The SPELD NSW Member spotlight shines a light on our individual, school and professional members to share their stories.
This month Janelle Ryan tells us why she joined the Teachers’ Certificate Course and SPELD NSW.
I began my teaching career over 30 years ago. I had heard about the AUSPELD network and became more interested in their services when I was teaching in a learning support role. In 2017 I enrolled in the SPELD NSW Teachers’ Certificate Course, and soon became aware that despite my years of teaching experience, I still had a lot to learn about how to best meet the specific learning needs of neurodiverse students.
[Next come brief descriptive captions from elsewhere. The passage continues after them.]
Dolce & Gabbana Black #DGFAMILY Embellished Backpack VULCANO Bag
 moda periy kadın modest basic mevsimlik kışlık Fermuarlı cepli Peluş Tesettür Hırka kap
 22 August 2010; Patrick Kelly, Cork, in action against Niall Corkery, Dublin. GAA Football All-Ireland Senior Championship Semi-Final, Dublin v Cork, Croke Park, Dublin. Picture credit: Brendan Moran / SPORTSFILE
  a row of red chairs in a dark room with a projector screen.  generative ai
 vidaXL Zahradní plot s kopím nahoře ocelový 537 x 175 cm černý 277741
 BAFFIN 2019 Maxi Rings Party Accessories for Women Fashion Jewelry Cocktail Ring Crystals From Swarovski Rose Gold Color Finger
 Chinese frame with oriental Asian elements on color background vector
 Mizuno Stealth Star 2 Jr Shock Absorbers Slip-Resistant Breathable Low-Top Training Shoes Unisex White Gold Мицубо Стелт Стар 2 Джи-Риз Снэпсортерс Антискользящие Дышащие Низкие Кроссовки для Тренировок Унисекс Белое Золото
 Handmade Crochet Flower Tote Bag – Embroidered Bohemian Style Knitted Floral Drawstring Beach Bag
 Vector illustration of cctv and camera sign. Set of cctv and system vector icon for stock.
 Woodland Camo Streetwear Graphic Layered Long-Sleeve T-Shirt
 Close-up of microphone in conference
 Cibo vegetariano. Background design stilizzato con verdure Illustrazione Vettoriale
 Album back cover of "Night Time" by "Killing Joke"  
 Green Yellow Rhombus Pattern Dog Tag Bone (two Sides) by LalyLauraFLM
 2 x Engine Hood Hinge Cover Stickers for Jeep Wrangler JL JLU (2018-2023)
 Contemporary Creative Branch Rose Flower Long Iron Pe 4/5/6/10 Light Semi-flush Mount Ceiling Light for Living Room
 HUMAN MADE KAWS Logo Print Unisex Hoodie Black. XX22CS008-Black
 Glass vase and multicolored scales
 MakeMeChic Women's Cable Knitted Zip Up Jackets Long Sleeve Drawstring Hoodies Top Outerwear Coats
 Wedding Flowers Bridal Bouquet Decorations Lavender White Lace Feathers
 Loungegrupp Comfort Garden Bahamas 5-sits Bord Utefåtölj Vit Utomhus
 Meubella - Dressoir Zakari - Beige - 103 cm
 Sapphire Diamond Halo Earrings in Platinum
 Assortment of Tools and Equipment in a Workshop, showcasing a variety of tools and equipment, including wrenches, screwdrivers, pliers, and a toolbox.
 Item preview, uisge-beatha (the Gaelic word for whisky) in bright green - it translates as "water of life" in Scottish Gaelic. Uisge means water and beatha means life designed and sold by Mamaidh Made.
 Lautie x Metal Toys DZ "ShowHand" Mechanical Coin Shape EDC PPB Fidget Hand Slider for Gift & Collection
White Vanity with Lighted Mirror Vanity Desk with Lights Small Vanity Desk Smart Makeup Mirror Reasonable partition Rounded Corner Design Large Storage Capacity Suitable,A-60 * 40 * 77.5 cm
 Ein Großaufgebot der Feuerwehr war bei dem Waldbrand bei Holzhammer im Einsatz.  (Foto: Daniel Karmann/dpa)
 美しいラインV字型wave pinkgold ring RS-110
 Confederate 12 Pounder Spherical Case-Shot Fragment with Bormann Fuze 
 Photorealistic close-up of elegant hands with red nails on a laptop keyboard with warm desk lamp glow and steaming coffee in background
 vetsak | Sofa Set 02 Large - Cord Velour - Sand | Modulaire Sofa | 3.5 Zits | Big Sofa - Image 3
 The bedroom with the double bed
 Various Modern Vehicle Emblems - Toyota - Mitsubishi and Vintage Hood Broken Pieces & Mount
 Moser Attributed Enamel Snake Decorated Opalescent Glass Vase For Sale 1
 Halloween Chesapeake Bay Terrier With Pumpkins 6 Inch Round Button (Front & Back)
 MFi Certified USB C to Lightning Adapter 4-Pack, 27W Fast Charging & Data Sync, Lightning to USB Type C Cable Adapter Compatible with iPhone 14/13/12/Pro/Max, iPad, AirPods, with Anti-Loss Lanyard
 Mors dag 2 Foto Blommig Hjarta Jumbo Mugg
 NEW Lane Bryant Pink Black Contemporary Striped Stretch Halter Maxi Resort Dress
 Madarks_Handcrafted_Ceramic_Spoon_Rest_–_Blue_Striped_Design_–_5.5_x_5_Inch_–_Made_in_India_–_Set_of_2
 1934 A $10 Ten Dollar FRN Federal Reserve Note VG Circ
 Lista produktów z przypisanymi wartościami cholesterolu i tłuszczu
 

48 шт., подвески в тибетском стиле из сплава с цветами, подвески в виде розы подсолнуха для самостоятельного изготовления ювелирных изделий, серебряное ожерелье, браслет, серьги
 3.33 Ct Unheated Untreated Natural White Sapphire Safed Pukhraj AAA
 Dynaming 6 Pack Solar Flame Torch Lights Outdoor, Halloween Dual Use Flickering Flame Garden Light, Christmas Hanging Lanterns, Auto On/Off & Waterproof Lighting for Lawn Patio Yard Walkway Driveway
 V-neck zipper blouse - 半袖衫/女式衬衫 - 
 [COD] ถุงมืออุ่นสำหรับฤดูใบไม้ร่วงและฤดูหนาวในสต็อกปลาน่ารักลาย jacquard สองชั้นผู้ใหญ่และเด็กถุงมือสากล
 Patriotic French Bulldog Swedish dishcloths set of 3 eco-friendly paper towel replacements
The course was excellent, giving me insights into teaching methods backed by research which would enable me to really make a difference in the classroom. At that time I also began tutoring one-on-one, and was able to apply my skills in designing individualised programs to address the unique learning needs of each of my students.
How does your SPELD NSW membership support your practice?
Since commencing as a SPELD NSW tutor in 2017, thanks to my additional training I have been able to individually assist over 30 students presenting with learning differences such as dyslexia, dysgraphia, dyscalculia, ADD, ASD, 2e, or a combination of these. I receive referrals when my details on the database match those of families seeking one-on-one learning assistance. The referral officers at SPELD take a number of phone calls each day from parents seeking advice and support for their children, and parents speak highly of their experience and knowledge. The Parramatta office now also offers screening and assessments by educational psychologists, and I have been able to recommend this service to families many times with confidence.
Which SPELD NSW services have you accessed and found useful?
I have continued my involvement with SPELD by attending further professional learning courses run by them, and by volunteering at working bees. The SPELD NSW Tutors Facebook page and regular morning teas for this group are further points of contact, offering support and enabling interaction and exchange of ideas with like-minded educators. I have had an article published in the SPELD newsletter, which serves to keep teachers and parents of students with specific learning difficulties up-to-date with current research, resources and seminars.
The library at the SPELD NSW office is a valuable source of decodable readers, workbooks, teacher manuals and texts which I utilise in my teaching and tutoring for a nominal sum, and which may also be borrowed by parents who are SPELD NSW members. I have recommended the organisation’s highly informative and practical parent seminars to the families of my students, and have also attended these myself as a further means of broadening my knowledge of ways in which to accommodate students’ diverse learning needs.
Thanks to SPELD NSW, many teachers and tutors, including myself, are better informed as to how we may utilise evidence-based teaching methods to assist students with specific learning difficulties, either in the classroom or in an individualised setting. Parents also know they have an organisation they can turn to for help in making decisions about the unique needs of their children. The work done by SPELD NSW is invaluable, and the educational journey of many students and their families is being enhanced every day by the services they provide.